The Federal Court has set aside an earlier decision by the Administrative Appeals Tribunal (AAT) to overturn the disqualification of a self-managed super fund (SMSF) auditor.
The decision, Australian Securities and Investments Commission v Gilliland, had looked into the disqualification of John Gilliland for breaching independence requirements.
In 2018, the Queensland-based auditor had been disqualified by ASIC upon finding he breached his duties by auditing the Fiscal Consultants Superannuation Fund (FCSF) from 2013 to 2015 while Gilliland, his wife, and his daughters were members and trustees of the super fund.
He stepped down in 2016, but was reported by the Australian Tax Office (ATO) to ASIC during a review of Gilliland’s audits that year.

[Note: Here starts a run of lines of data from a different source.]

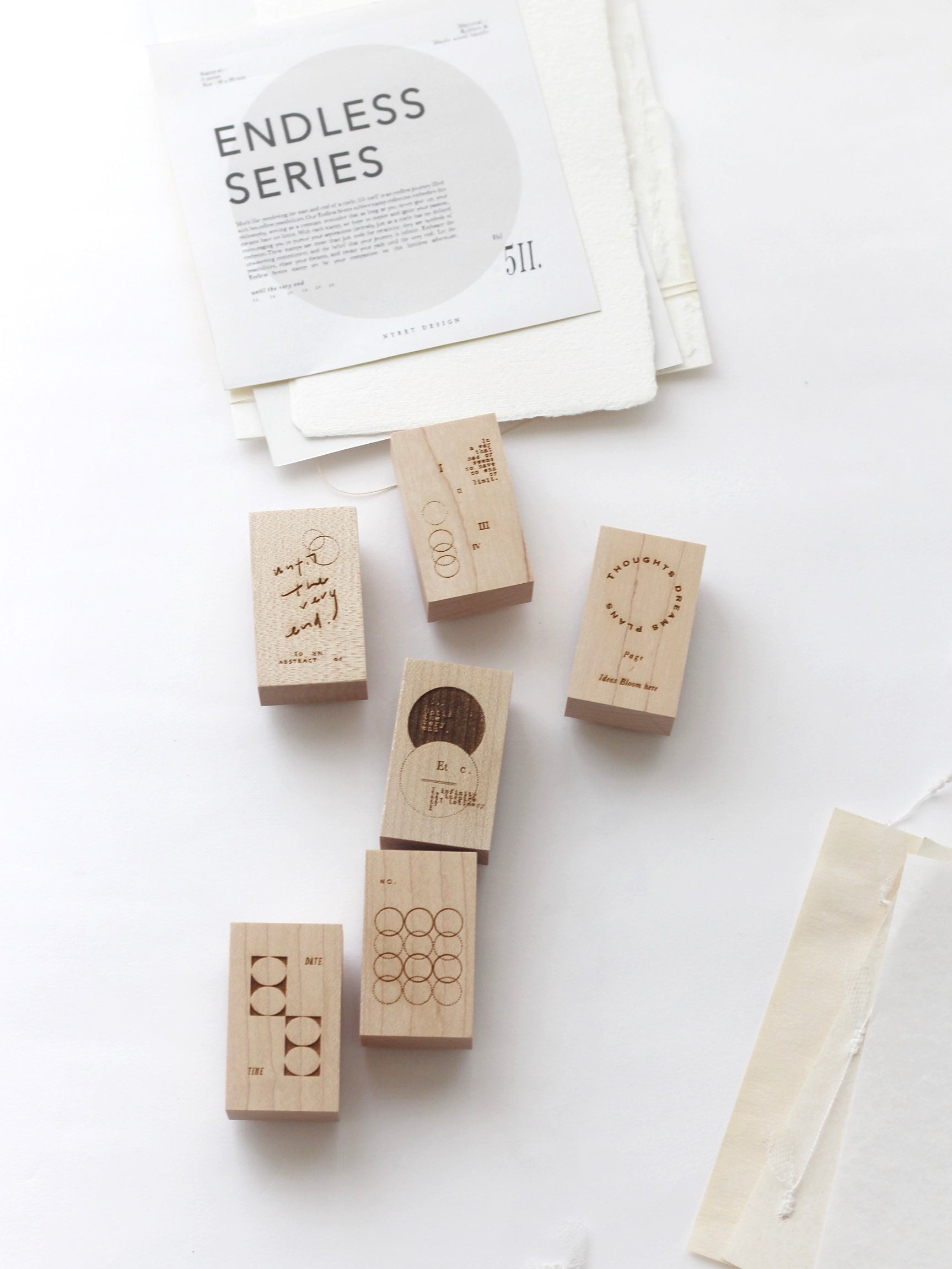 Nyret Endless II Rubber Stamp Set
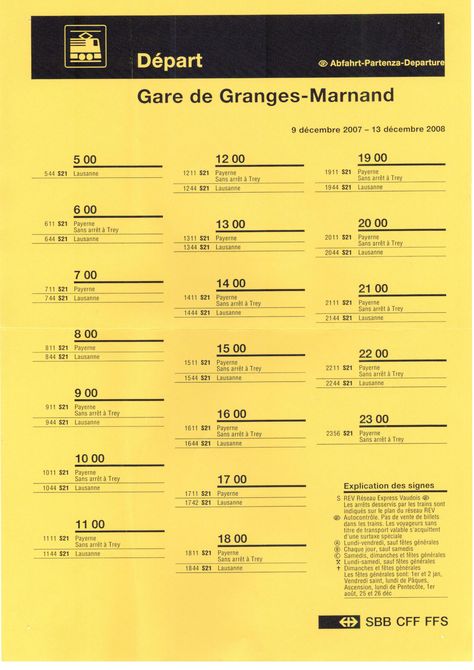 Maybe my favorite poster ever ahahah :D Swiss Train Schedule Poster. Swiss Infographic, Time Schedule Design, Timetable Design, Swiss Train, Schedule Poster, Train Timetable, Schedule Board, Time Schedule, Swiss Design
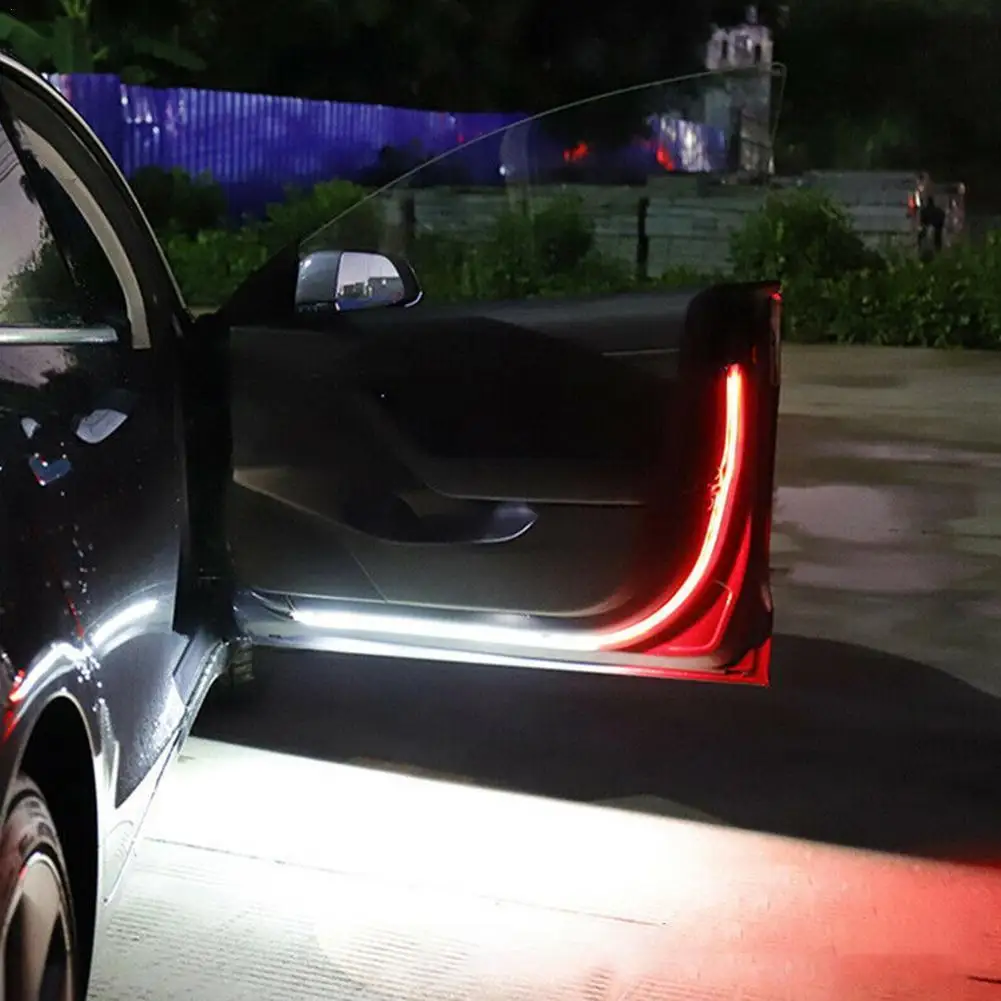 

2pcs/set Car Door Lamp Strip Welcome Light LED Safety Warning Strobe Signal Ambient Lights Side Strips Styling Flashing Flash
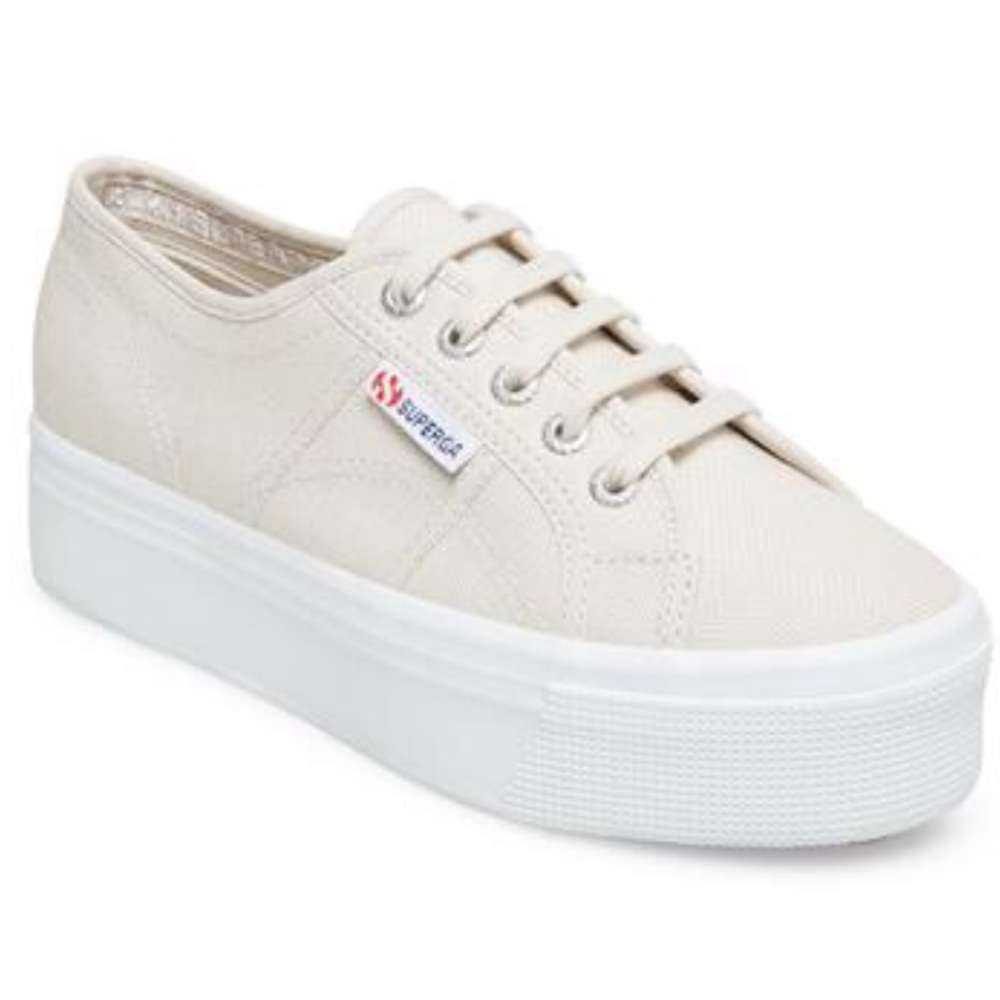 SUPERGA platform sneakers blush/cream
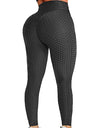 High Waist Textured Gym Workout Leggings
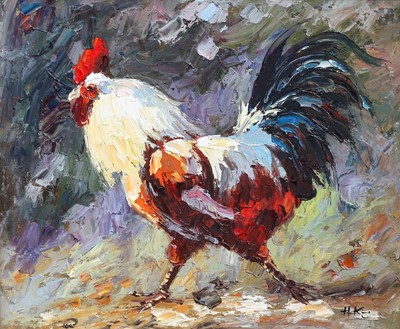 Lot 1174 - H* King (Contemporary) 
Study of a Cockerel...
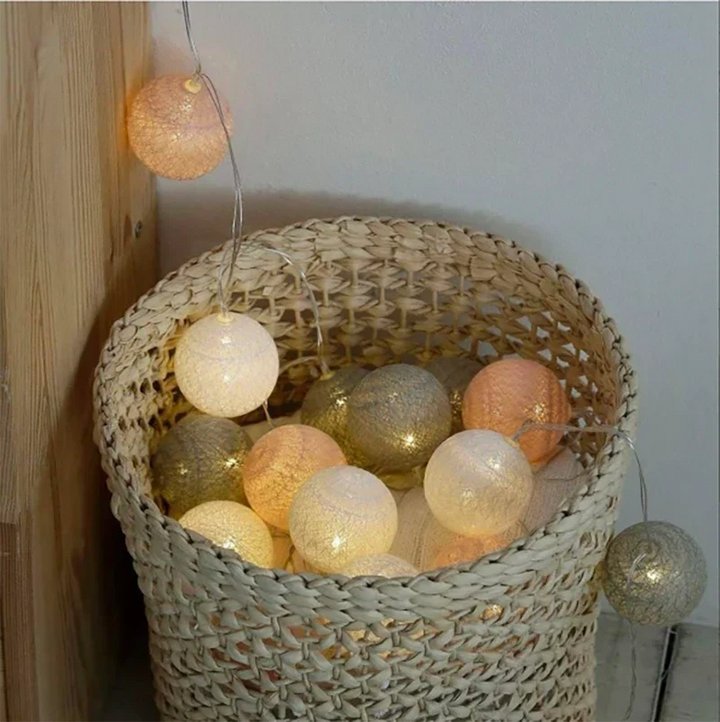 Cotton Ball Garland 15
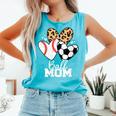 Ball Mom Soccer Baseball Mom Heart Comfort Colors Tank Top Light Green Ball Mom Soccer Baseball Mom Heart Comfort Colors Tank Top Light Green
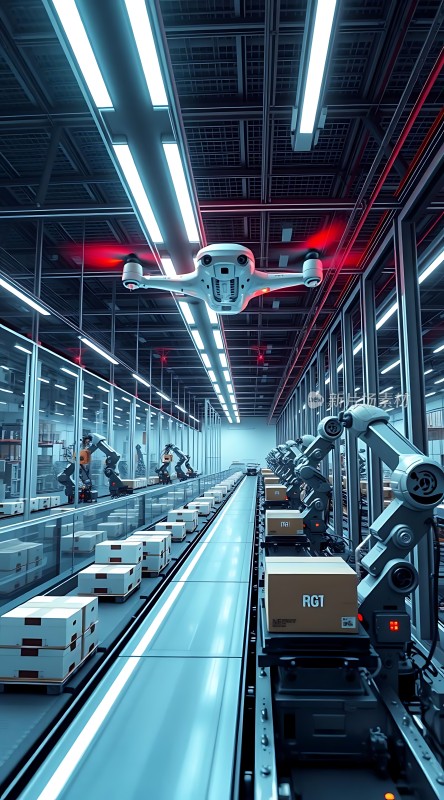 智能物流中心无人机与机器人协同作业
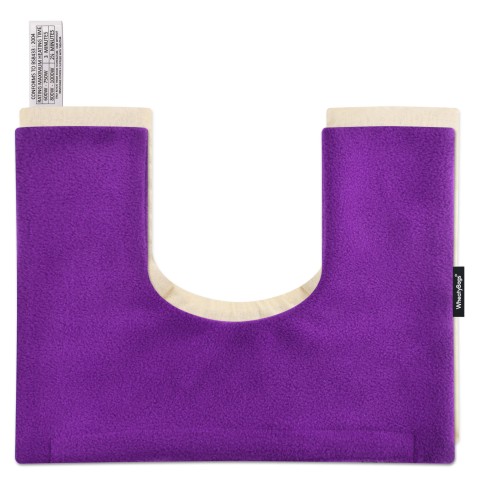 - Purple Fleece Fabric Removable Cover (Personalised with Text)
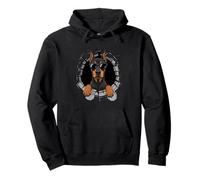 Graffiti Wall Art Doberman Pinscher Sunglasses Dobbie Pullover Hoodie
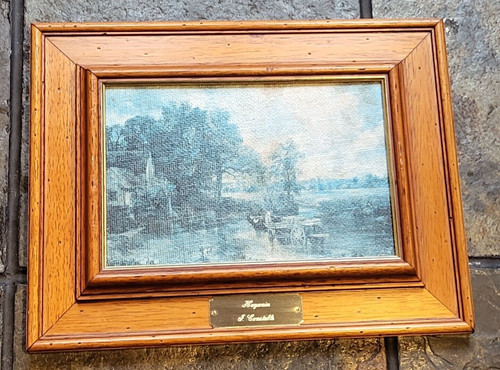 Constable haywain framed - j,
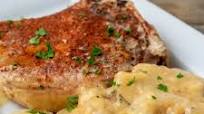 Pork Chops and Potatoes Pork Chops and Potatoes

He sought a review of the decision by the AAT, which set aside the decision, and ASIC subsequently appealed to the Federal Court.
The Court found deterrence was a relevant consideration in deciding whether to disqualify a person as an approved SMSF auditor under section 130F of the Superannuation Industry (Supervision) Act 1993 (Cth) and that the AAT had not considered general deterrence when making its decision.
Gilliland had practiced as a registered tax agent since 1978. He was first registered as an approved SMSF auditor in 2013.
He would be disqualified as an SMSF auditor again, pending a final decision by the AAT who would have to re-determine the matter.